Researchers at the University of Minnesota are planning to explore everything from experimental new medications to exercise regimens to see if they can reverse the genetic triggers that predispose people to chronic and severe low back pain.
A new $3.2 million federal grant is kickstarting the research, which will map out genes linked to back pain and explore whether they can be tweaked in ways that decrease discomfort and prevent acute episodes from becoming chronic. Back-pain sufferers are in dire need of options because surgeries offer mixed results and opioid painkillers run the risks of dependency and addiction, said Laura Stone, a U professor who is leading the research.
"We're horrible at this," she said. "Some treatments work for some people, but how do we know who is going to benefit from what? It's pretty bad. My own partner has back pain, and I'm an expert in back pain and I have nothing to help him, except [telling him to] stay active."
A key goal is preventing the dull aches or sharp stings that follow accidents or injuries from becoming chronic back pains that persist for 12 or more weeks. Chronic pain takes an immense physical and emotional toll on patients, and also increases medical spending and decreases worker productivity. One in 12 U.S. adults have chronic back pain they characterize as "severe," and 60% have workplace limitations as a result, a 2022 study estimated.
No conditions have contributed to rising U.S. health care spending more than neck and low back pain combined, according to a 2020 analysis by the Institute for Healthcare Metrics and Evaluation in Washington state. At $134 billion, spending on these conditions made up 4% of the total U.S. health care bill in 2016 and exceeded spending on diabetes, heart disease and cancer, the analysis showed.
Chronic low back pain is more common among women, the elderly and people who live in poverty and can't afford the fitness opportunities or treatments that can keep an acute injury from worsening. Stone found that back-pain risks can vary by the actions of genes, the inherited coding in the body that sets a person's physical characteristics, and how a person's lifestyle and environment interact with those genes.
Stone conducted research at McGill University in Quebec a decade ago that linked the expression of one gene to back pain, which occurred when spinal discs fractured or slipped out of place. Decreased expression of certain proteins by that gene coincided with back pain, perhaps by sending signals to the body that increased swelling made nerves more sensitive. Her team then found that a chemical process called DNA methylation changed that expression level, which in turn could make people more resilient to back pain and disc problems.
"It doesn't change the genetic code, but it can turn the volume up or down on different genes," she said. "We have several mechanisms for adjusting that volume."
In reality, the expression levels of multiple genes likely play roles in spinal injuries and back pain, Stone said. Advanced technology at the U's Genomics Center will allow her research team to identify the roles that all genes play in this process, and whether DNA methylation can modify their expression levels.
The next step will be to test different methods of DNA methylation, including new experimental medications and existing cancer drugs Stone said have potential, to see if they reduce or prevent chronic back pain.

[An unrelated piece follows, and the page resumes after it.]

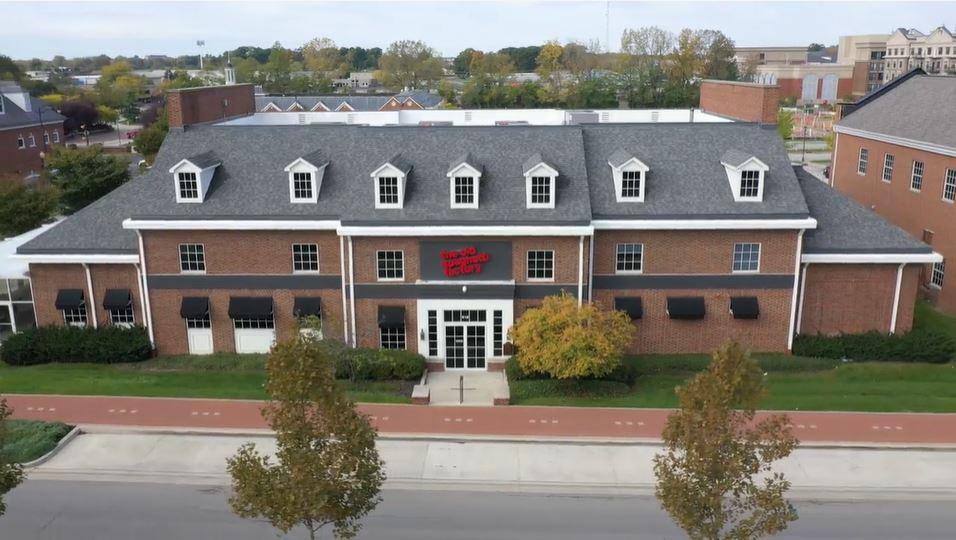 drone shot front of building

Stone described one animal test that could demonstrate whether these therapies work before they are tried in clinical trials on back-pain sufferers. Mice are exposed to acetone, a chemical that creates a cooling sensation on their skin. Those simulated to have disc degeneration should react more dramatically than those that have been medicated to reduce their pain levels.

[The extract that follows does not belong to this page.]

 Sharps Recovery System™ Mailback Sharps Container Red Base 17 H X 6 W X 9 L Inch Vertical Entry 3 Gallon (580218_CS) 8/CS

"It's a really low-tech test, but it's one of my favorites," Stone said.
New drugs will need to be scrutinized, she said, because they could change genetic expression in ways that reduce back pain but have other unintended effects. Existing medications with known safety profiles could offer faster treatments, along with supplements already on the market and even exercise regimens that are known to coax DNA methylation.
Genes are fairly hard-wired, but genetic expression is "plastic" and can be influenced by medications, diet and lifestyle habits, she said: "It will respond to changes in your environment or your lifestyle."
One planned U study will use imaging scans to see if mice that exercise more on a treadmill have less degeneration in their spinal discs.
Another will examine an over-the-counter supplement called SAM-e that already is marketed as a solution for joint pain. Stone said its claims are largely untested, but it could affect genetic expression and resulting back pains.
Mapping out the key genetic activities will unlock many such studies, she said: "We need to take this to a clinical population and look at the effects of exercise or some of these [genetic expression modifying] drugs in patients, but we need to do this foundational stuff first."